Unser Strahlentherapieprotokoll sieht in diesen Fällen drei Fraktionen mit einer Einzeldosis von 5 Gy binnen einer Woche vor. Der gesamte Querschnitt wird dabei mittels Elektronen (18 MeV) bestrahlt. Obwohl diese Dosis deutlich über der Dosis einer reinen Schmerzbestrahlung liegt (typisch 0,5 - 2 Gy), konnten wir bislang keine unerwünschten Nebenwirkungen z.B. der Haut beobachten, das Protokoll ist damit sehr gut verträglich.

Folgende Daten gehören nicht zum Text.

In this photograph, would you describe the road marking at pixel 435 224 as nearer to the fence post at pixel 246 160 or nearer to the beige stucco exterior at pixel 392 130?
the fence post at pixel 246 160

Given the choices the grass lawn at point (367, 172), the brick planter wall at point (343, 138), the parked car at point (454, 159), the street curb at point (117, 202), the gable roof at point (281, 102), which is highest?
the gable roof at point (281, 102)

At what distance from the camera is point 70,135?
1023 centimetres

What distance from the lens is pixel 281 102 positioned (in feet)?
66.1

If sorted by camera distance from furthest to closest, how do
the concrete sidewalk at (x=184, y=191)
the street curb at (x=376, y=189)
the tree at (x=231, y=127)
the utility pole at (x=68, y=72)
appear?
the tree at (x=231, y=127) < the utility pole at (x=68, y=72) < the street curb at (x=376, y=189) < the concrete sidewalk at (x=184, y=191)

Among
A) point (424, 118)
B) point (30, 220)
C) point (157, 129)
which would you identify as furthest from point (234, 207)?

Exemplarisch wird der Fall einer Katze geschildert, die mit 24 Monaten zur Strahlentherapie vorgestellt wurde. Die Patientin sei schon immer schlecht gelaufen, mit Meloxicam als Bedarfsmedikation im Haus allerdings gut zurechtgekommen und habe den Wohnraum auf mehreren Ebenen genutzt. Das Springen auf Kratzbaum und Regale sei regelmäßig üblich gewesen. Innerhalb der vier Monate vor Erstvorstellung sei allerdings eine zunehmende Verschlechterung festzustellen, die trotz einer Erhöhung der Schmerzmedikation deutliche Auswirkungen hatte. Die Besitzer berichten eine deutlich reduzierte Bewegungsfreude, Sprünge über mehr als 50 cm Höhe seien die Ausnahme. Bei der allgemeinen Untersuchung zeigte sich die Katze ängstlich aber aufmerksam und auch bei der Palpation der Gelenke nicht aggressiv. Die Tarsalgelenke stellten sich klinisch deutlich verdickt dar, subjektiv schienen sie etwas verkürzt und geringgradig rotiert.

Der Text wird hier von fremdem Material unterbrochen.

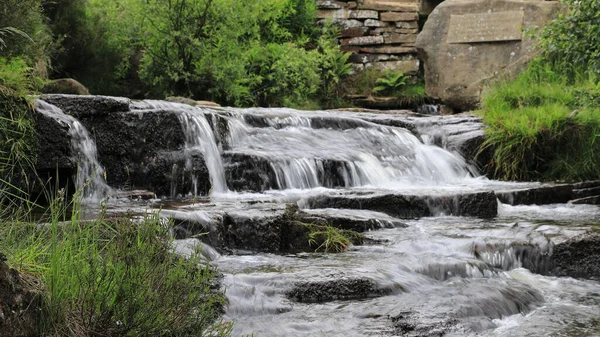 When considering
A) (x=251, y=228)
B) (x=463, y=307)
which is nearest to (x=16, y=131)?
(x=251, y=228)

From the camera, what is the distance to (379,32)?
672 inches

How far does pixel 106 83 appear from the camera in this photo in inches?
531

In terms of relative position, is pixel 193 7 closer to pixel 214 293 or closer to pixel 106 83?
pixel 106 83

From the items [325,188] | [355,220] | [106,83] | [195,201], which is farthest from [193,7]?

Die Katze wurde insgesamt drei Mal innerhalb einer Woche (Mo-Mi-Fr) in Allgemeinanästhesie (Einleitung: Propofol, Erhaltung: Sevofluran) an beiden Hintergliedmaßen bestrahlt. Die Fraktionsdosis von 5 Gy wurde über einen Zeitraum von 52 Sekunden eingestrahlt, die gesamte Behandlung von der allgemeinen Untersuchung bis zum Herausgeben des wachen Patienten dauerte jeweils ca. 45 Minuten.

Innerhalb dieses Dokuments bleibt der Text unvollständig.